The word "Euro" marks the lines to copy; find all of them in the entries below.

◆ Data records:
* * * * * * *
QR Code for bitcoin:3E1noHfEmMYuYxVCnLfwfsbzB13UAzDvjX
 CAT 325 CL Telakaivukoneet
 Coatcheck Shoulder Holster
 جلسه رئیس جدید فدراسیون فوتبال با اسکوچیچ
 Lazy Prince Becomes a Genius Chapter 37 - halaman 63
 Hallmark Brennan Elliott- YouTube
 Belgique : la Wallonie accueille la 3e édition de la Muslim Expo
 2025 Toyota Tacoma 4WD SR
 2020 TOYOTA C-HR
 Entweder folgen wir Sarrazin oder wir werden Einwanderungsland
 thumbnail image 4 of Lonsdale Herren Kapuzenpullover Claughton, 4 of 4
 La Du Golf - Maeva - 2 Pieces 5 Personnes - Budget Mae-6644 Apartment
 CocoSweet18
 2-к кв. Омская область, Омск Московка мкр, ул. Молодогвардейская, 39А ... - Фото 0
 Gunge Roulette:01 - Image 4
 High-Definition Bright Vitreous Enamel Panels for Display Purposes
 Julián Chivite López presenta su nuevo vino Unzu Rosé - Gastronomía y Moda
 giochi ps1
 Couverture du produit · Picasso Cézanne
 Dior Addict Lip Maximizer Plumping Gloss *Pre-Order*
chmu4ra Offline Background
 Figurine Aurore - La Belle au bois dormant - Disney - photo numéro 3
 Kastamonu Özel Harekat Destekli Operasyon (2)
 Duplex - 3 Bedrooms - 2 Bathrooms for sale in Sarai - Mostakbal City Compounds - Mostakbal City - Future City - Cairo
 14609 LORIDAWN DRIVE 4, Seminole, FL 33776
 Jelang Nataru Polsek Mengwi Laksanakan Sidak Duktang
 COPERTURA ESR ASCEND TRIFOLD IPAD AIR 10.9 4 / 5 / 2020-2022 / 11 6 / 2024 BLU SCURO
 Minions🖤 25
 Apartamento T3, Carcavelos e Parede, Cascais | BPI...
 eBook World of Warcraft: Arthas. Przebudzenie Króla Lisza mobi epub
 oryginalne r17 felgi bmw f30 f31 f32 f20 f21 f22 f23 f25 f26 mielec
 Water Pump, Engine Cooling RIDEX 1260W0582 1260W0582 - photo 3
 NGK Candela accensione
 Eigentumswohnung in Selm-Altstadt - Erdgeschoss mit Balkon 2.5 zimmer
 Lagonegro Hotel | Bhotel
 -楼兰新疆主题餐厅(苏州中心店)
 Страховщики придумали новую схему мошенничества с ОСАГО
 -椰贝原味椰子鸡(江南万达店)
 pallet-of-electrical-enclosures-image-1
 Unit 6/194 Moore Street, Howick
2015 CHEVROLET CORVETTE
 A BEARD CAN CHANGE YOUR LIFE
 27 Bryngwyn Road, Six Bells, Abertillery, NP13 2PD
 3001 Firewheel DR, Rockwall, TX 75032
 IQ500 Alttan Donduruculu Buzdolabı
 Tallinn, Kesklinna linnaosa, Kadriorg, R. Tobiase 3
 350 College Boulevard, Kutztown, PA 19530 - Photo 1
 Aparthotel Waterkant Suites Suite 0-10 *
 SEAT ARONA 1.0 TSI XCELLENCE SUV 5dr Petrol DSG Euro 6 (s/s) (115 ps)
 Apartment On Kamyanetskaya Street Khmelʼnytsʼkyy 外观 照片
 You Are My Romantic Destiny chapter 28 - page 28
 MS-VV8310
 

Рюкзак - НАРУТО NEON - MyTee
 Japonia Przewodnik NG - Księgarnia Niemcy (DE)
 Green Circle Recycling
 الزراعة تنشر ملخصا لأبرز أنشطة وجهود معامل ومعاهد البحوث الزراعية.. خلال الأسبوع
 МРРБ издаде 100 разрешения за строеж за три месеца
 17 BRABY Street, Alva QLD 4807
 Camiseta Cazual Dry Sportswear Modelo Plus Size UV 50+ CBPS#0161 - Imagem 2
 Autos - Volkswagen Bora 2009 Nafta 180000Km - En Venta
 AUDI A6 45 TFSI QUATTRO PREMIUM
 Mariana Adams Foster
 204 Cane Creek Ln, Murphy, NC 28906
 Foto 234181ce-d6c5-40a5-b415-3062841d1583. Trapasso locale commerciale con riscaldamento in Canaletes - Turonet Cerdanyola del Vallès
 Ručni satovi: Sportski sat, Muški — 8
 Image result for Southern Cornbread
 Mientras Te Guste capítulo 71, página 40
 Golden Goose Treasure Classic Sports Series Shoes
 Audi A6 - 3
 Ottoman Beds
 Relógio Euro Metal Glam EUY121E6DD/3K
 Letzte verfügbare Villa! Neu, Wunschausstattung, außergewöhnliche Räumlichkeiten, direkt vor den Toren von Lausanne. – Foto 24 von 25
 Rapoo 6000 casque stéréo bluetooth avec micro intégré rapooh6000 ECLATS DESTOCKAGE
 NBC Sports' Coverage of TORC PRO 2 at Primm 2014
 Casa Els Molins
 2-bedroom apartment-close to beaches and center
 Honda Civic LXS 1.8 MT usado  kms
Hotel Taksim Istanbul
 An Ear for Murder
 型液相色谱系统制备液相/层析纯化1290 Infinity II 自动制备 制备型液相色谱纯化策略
* * * * * * *
◆ Final answer:
 SEAT ARONA 1.0 TSI XCELLENCE SUV 5dr Petrol DSG Euro 6 (s/s) (115 ps)
 Relógio Euro Metal Glam EUY121E6DD/3K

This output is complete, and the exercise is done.